First responders deal with tragic memories

The workers at Atlantis and first responders will be haunted by what happened Wednesday.

Chief Paramedic Brad Ayer was one of the first on the scene of the mass shooting at Atlantis Plastics.

"All of us who responded can't react like human beings, or we couldn't do it," Ayer said.

He said it will be a hard thing to forget.

"When I'm alone I still picture it," Ayer said.

He said they were the worst images he's ever seen in his 15 years on the job.

Sergeant John Nevels of the Henderson Police Department said it's hard to imagine yourself in a situation like the one at Atlantis Plastics.

"Those people go in there and you can imagine what they were thinking," Nevels said. "They were unarmed in a situation where there is six people suposedly murdered."

Nevels said, considering the chaos surrounding the event, the ambulance service, fire department and police department worked tremendously together.

"When i got the phone call a few minutes after it happened at my first response was, 'Is this some kind of cruel joke?'" Nevels said.

When responders arrived, all but two of those shot were still alive needing immediate attention. But eventually all but one would die, which is difficult for those doing their best to save them.

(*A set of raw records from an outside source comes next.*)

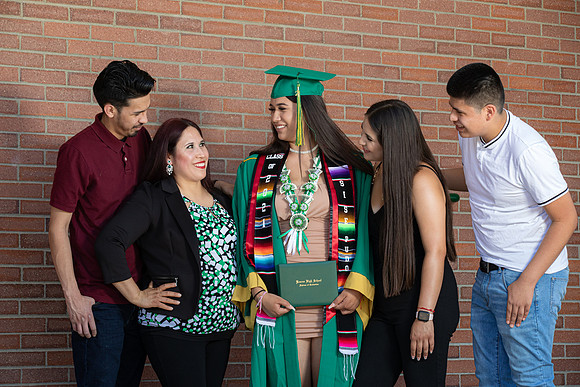 Nayeli2021-68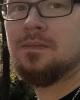 Alex is single in Williston, VT USA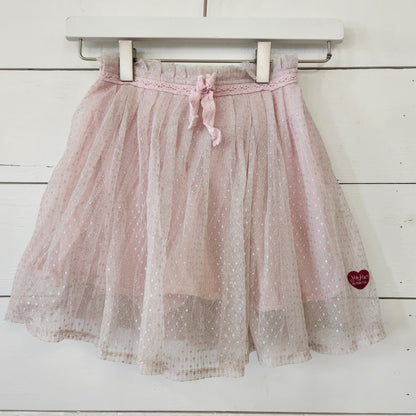 Size 6Y | Naartjie Kids Kids' Skirt | UBNUU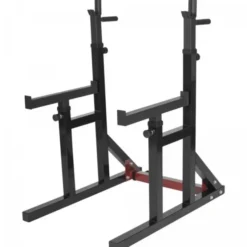 SkivstångsställningPRO RACK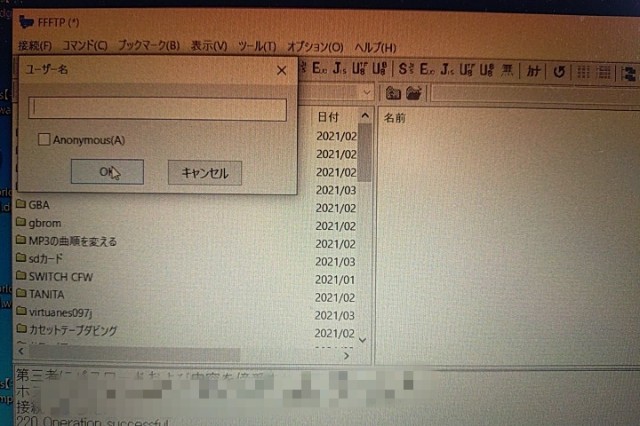 f:id:carbonex30muscle:20210324084242j:image f:id:carbonex30muscle:20210324084242j:image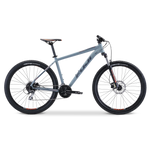 Fuji Nevada ONE.7 Mountain Bike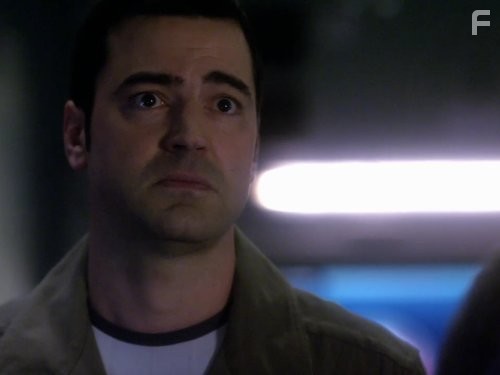 Притяжению вопреки (2009)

"Everybody deals with these sorts of things in their own way," Chief Terry Lewis, HFD, said. "Those who we talked to seem to be doing okay."

Many of those people had to go right back to work responding to other emergency calls.

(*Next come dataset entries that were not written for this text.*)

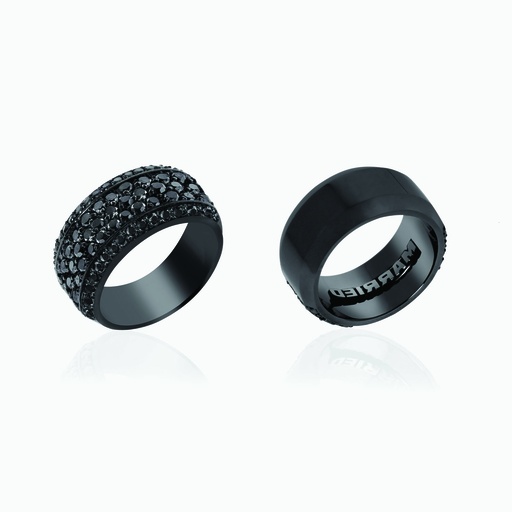 [RBB231X#3399] The Married Ring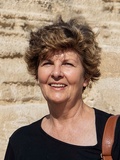 Campese Luisa Renata ved. Mazzurana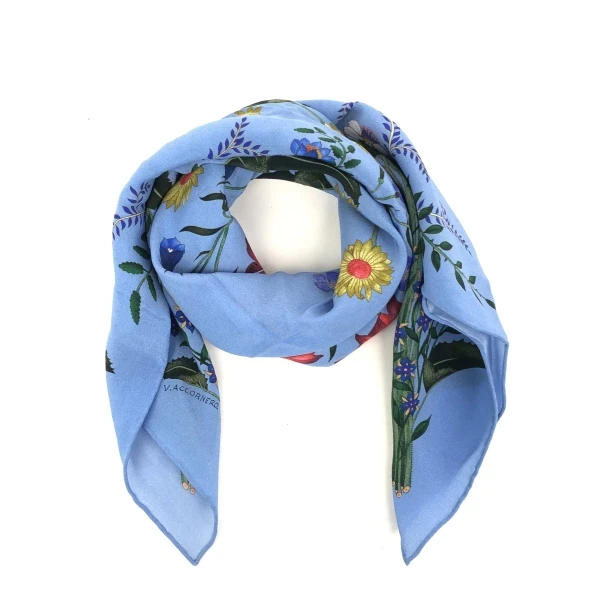 饰品/古驰/95新/C1364906655/250924SY0010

"the next person that calls needs my help just as bad," Ayer said.

All agencies plan to or already have had debriefings, not only to help deal with the grief, but also to learn from the situation for the next unfortunate tragedy.

The only survivor was transported to the hospital with her brother who died of a fatal gunshot wound to the head.

Ayer said that was a difficult time comforting her when he knew her brother was dying.